Every time I hear the word womanizer, which I don’t hear that often, Britney Spears’s ‘Womanizer’ starts playing in my head. Images of her lying naked on the shower bench… every freaking time! Anyway, we all have a reputation and I personally am very conservative in the workplace when it comes to relationships. I’m not like crazy couples having sex in the bathroom at the company’s Christmas party – yeah! That’s actually happened. Or making out with a random guy while I’m waiting for my Uber after another company party – This too has happened. 

I treat women with respect and try not to ask anyone out, and just keep it professional and business originated. I know you are laughing at me and thinking, dude! Lots of hot chicks in any workplace, why not date them? And my answer is you are right! But I’m not on the market anymore. 

I think I’m drifting from what I was going to tell you. The point is, I never considered myself a womanizer until that day. One of the tier one clients was going to visit our new office. This is a company that everybody knows and I myself was a huge fan of them and have been watching them since I was a teenager. Very popular across the board, so we wanted to make the most of it and create a great experience for them. I was working on catering breakfast and snacks, reservation for lunch and dinner, working with other departments for meet and greet, etc.

One of my colleagues who knew them better told me two things, that while these guys are coming from the East Coast and a very blue state, I better not make any political comments, and that they drink a lot – fine by me, I planned to indulge in my favorite food and dessert then. They arrived the night before and showed up at the office early in the morning. We went through the agenda and everything was going according to the plan – I was happy and they seemed to be happy and very pleased with us. For lunch, we went to a nearby restaurant, nothing fancy, and came back and went through the afternoon schedule. 

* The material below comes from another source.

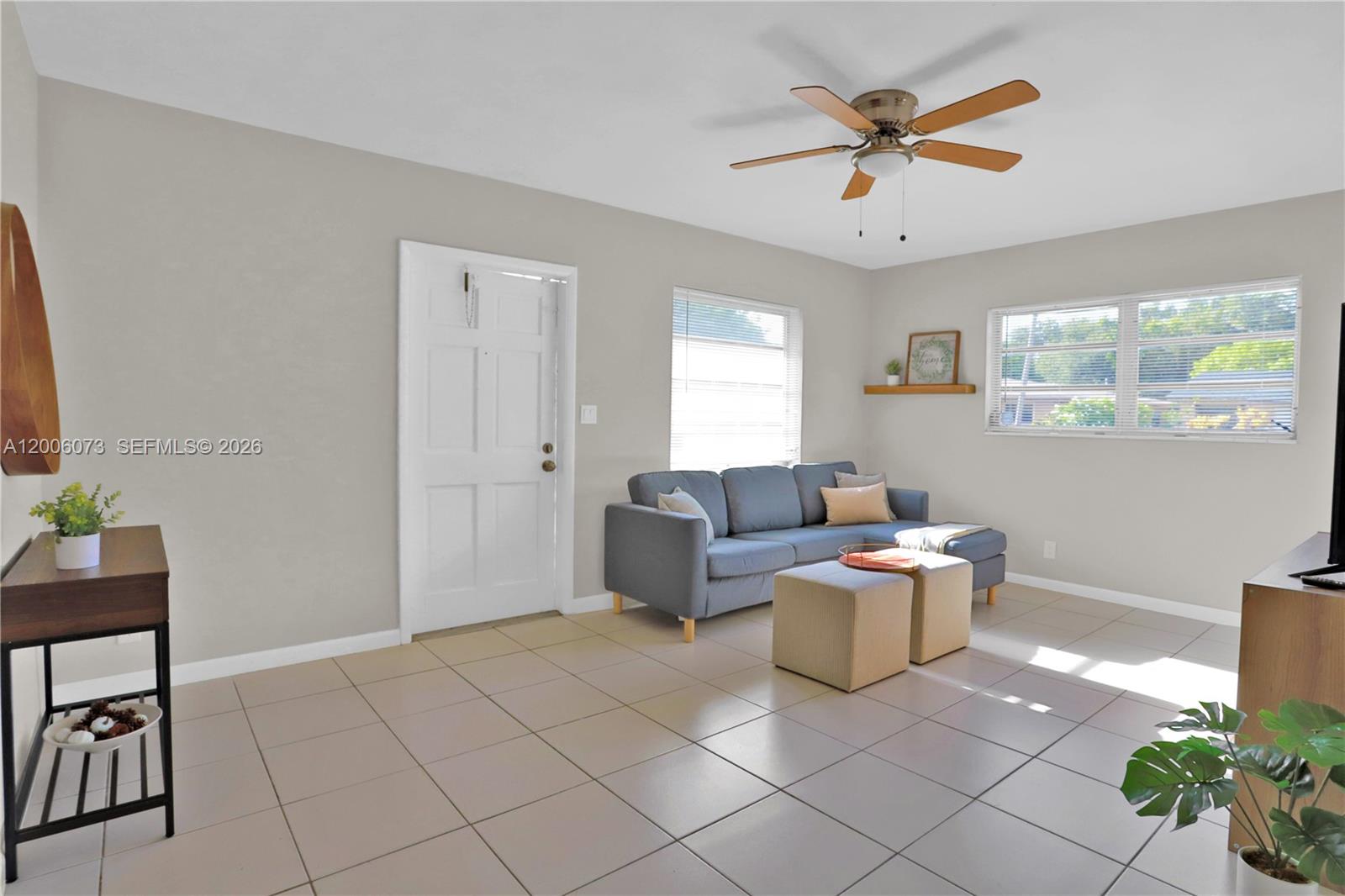 PYTHIAS PARK - Residential Lease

For dinner, I had booked this fancy, and expensive restaurant. I wanted to impress them, you know! And I did impress them, chic decor, fancy menu, elegant dishes, and handsome waiters, not to mention the drink’s menu. They were about 10 of us, and they all started with drinks, except me. I got Dr. Pepper, my favorite drink! They almost finished their first drink, when I went to the restroom. When I came back our waiter was serving the second round. Now. keep in mind that this place has two bars, one was closer to us, and the other one across from where our table was located. The waiter came back, with this huge glass of cocktail, super fancy. It has two colors, I mean the drink inside had two different colors – gosh! I wish I had a picture of it. 

Everybody stopped talking and all eyes on me. I told my buddy next to me:

  • Did you order another one?
  • I didn’t order anything. I still have my first one.

When the waiter saw that we were confused, he looked at me and said, this is yours! I lagged and said no! It is not. This must be a mistake. At this point, one of the contacts who sat close to me intervene and asked me:

  • What did you order? Did you go to the restroom or to the bar?
  • Restroom and I have no idea. I don’t drink.

I thought they were messing with me, so I was laughing. The waiter left and everybody was asking me about my drink and what kind of cocktail I ordered. I was very confused but curious to know who ordered that for me. I mean it was an expensive drink, so I didn’t think they would spend that much money just to prank me. I couldn’t even call it a prank. So, I called out the waiter and said, who ordered this while the whole table was listening and they were as curious as I was if not more. He said someone from the other bar ordered this for you! And our table erupted in wow! And laughter. 

From where I was sitting, I couldn’t clearly see the other bar and my friends kept asking me to drink and then walk over there to find out who was the secret admirer.  I didn’t drink it but walked over to the other bar and approached one of the bartenders, who was smiling, giving me the vibe that he knew something. I asked him about the drink and who ordered it and he said they just left. I didn’t even ask if it was a guy or a gal or a group of them. I mean I didn’t want to know if it was a guy. 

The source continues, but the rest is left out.